SUPPLIED DATA:
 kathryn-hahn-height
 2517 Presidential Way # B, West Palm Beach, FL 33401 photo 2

---

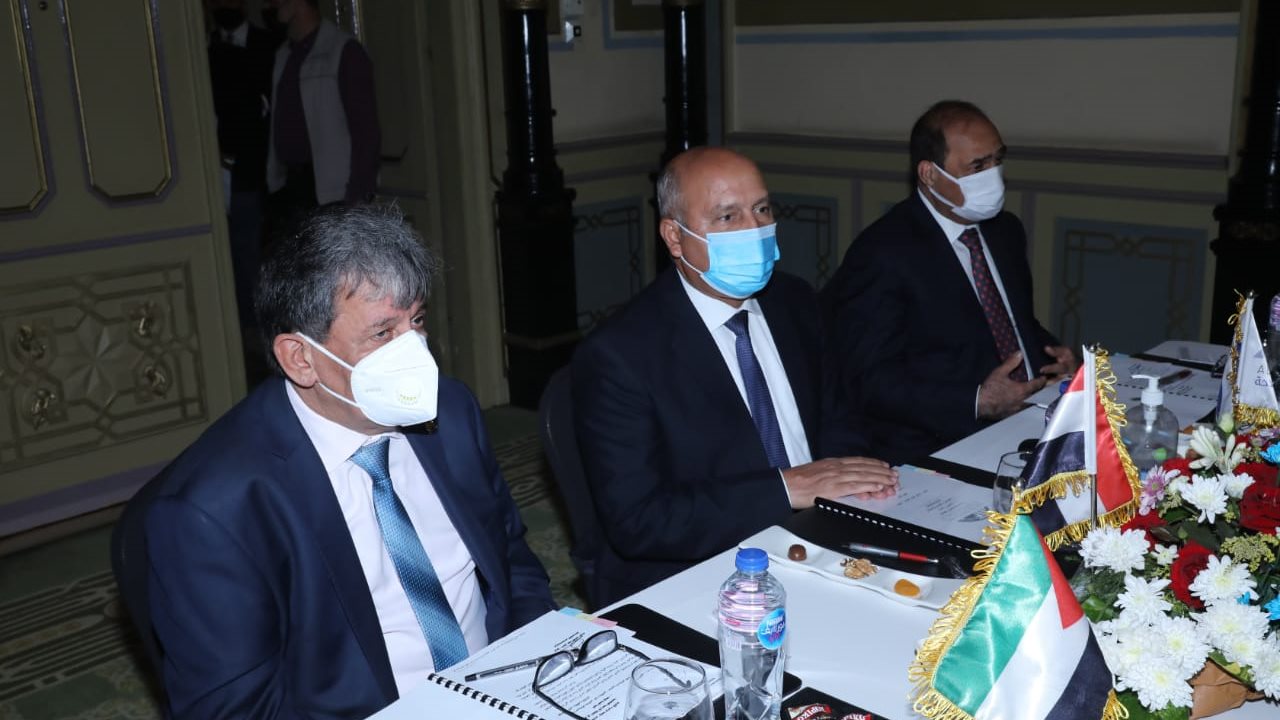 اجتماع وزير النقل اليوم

WHAT YOU HAVE TO DO: Please write out, exactly as they appear above, only the lines in the stretch from the line with "kathryn-hahn-height" through the line with "2517 Presidential Way".

SOLUTION TO THE EXERCISE:
 kathryn-hahn-height
 2517 Presidential Way # B, West Palm Beach, FL 33401 photo 2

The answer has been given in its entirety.